Budget 2017 has other highlights. For creating an eco-system to make India a global hub for electronics manufacturing a provision of Rs 745 crore (£873,000) in 2017-18 has been made in incentive schemes electronics manufacturers’ schemes like Modified Special Incentive Package Scheme (M-SIPS) and the Electronics Development Fund (EDF).

“The Finance Minister’s announcement of a strong push for a digital economy and the expansion of digital infrastructure in the country are landmark decisions. Apart from e-commerce and banking, this positive policy support for digitisation will also fuel the growth of allied services in the software sector,” reasoned Satyen Vyas, CEO of Symphony SUMMIT, and added, “The potential increase in online transactions and the decentralisation of the IT industry from cities to rural areas will provide impetus for the rapid growth of the IT support segment. Cloud-based SaaS services will be in greater demand to aid the transition to a less cash economy, creating more jobs and opportunities for innovation in the saturated IT market.”

The Budget 2017 also has its fair share for the telecom sector. “The most important one appears to be the Government’s commitment to strengthening India’s telecom network with the allocation of Rs 10,000 crore (£12m) to the ambitious BharatNet project. The fact that nearly 155,000km of optical fibre has already been laid down speaks volumes about the progress of the project,” explained Naveen Aggarwal, Partner and COO – Tax, KPMG in India on Telecom sector. “Connecting 150,000 gram panchayats will be a giant leap towards fulfilling the Digitisation vision of the Government and will provide the necessary boost to all the players in the telecom ecosystem.” (Gram Panchayats are the local self-government institution at the village level whose head is the focal point of contact between government officers and the village community.)

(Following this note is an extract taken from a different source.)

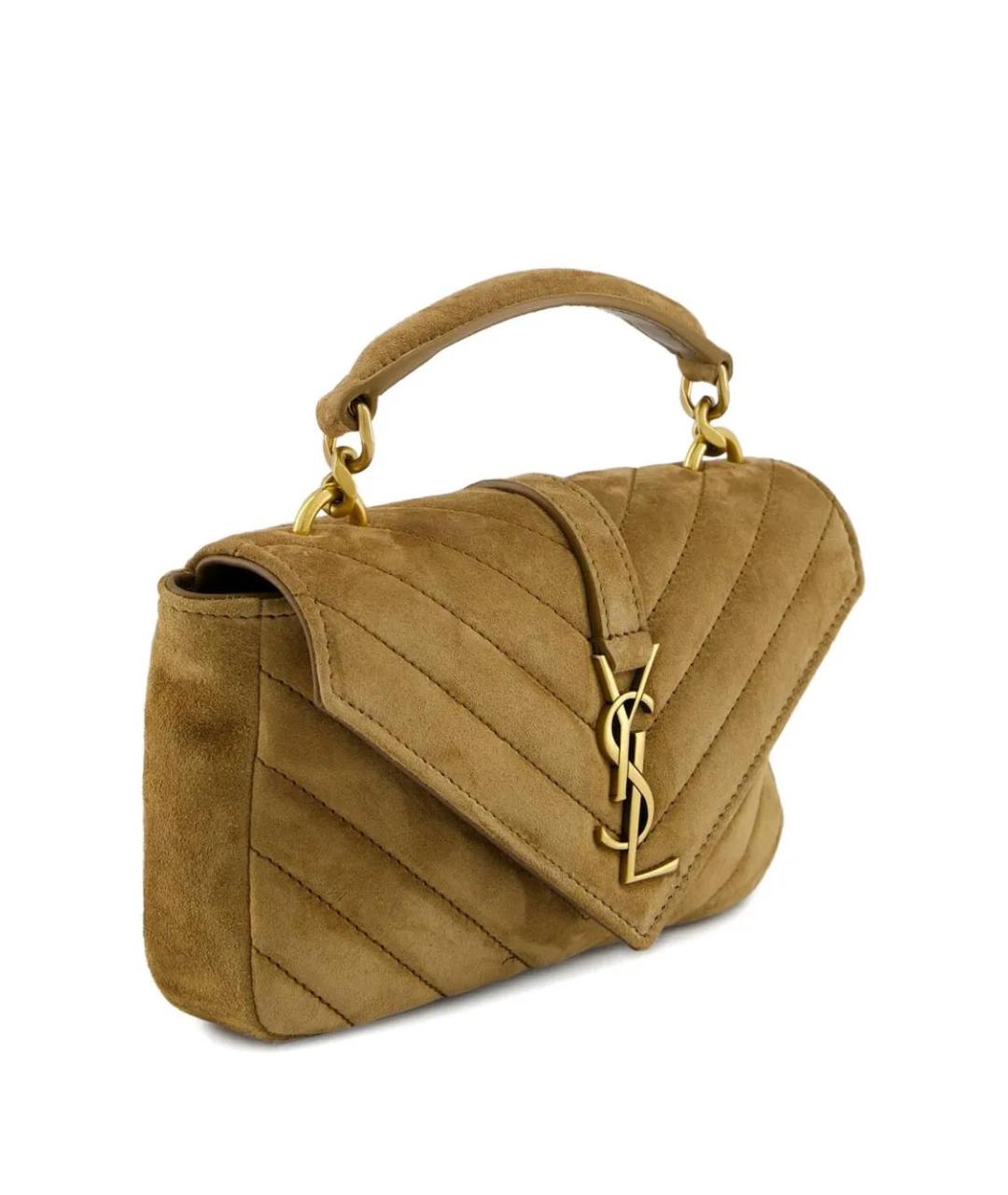 SAINT LAURENT Коричневая кожаная сумка с короткими ручками, фото 3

To sum up, given the Government’s focus to promote digital economy, the Budget proposals contain a slew of measures to promote digitisation and curb black money.  “Reduction in presumptive tax rate on digital transactions and reduction in import duty rate of digital payment equipments and components, clearly underlines Government’s intention to promote digital economy and curb black money,” concluded Aggarwal.